GIVEN INFORMATION:
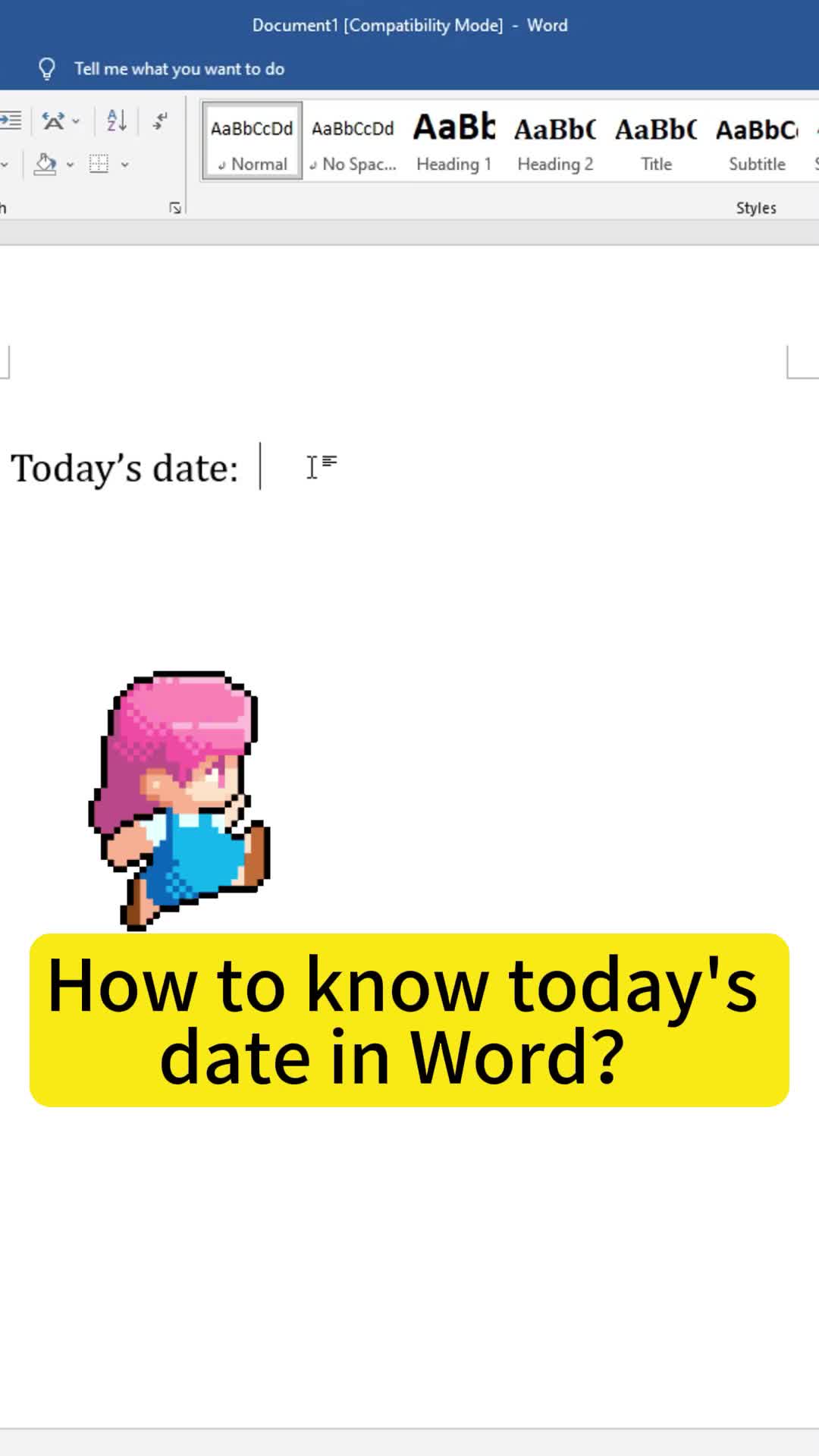 @Word_tips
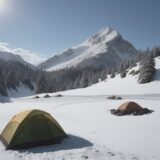 【山の気温】標高による温度の変化と仕組み | 登山口から山頂までの服装選びのコツ をイメージした 広角の風景、山、ハイキング、登山道 の写真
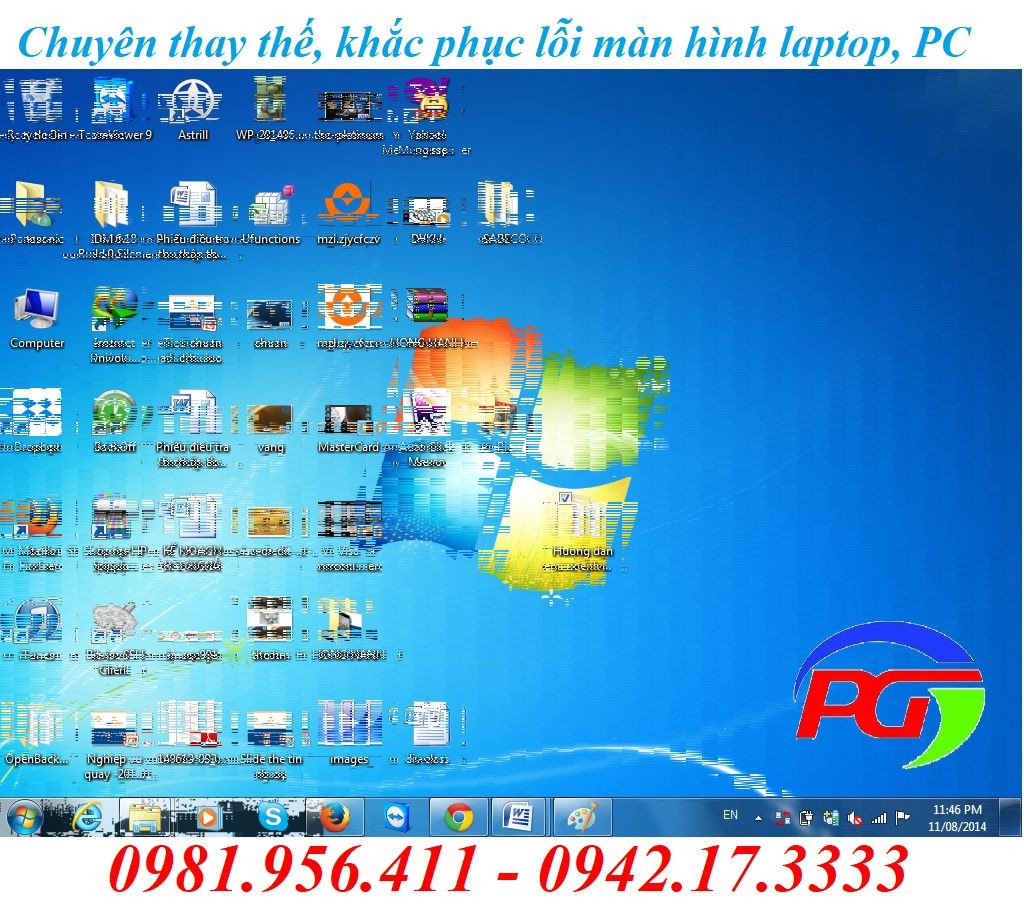 Màn Hình Máy Tính Mờ Chữ: Nguyên Nhân Và Cách Khắc Phục Triệt Để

TASK:
Leave out the pictures and return the listing exactly.

ANSWER SPACE:
 @Word_tips
 【山の気温】標高による温度の変化と仕組み | 登山口から山頂までの服装選びのコツ をイメージした 広角の風景、山、ハイキング、登山道 の写真
 Màn Hình Máy Tính Mờ Chữ: Nguyên Nhân Và Cách Khắc Phục Triệt Để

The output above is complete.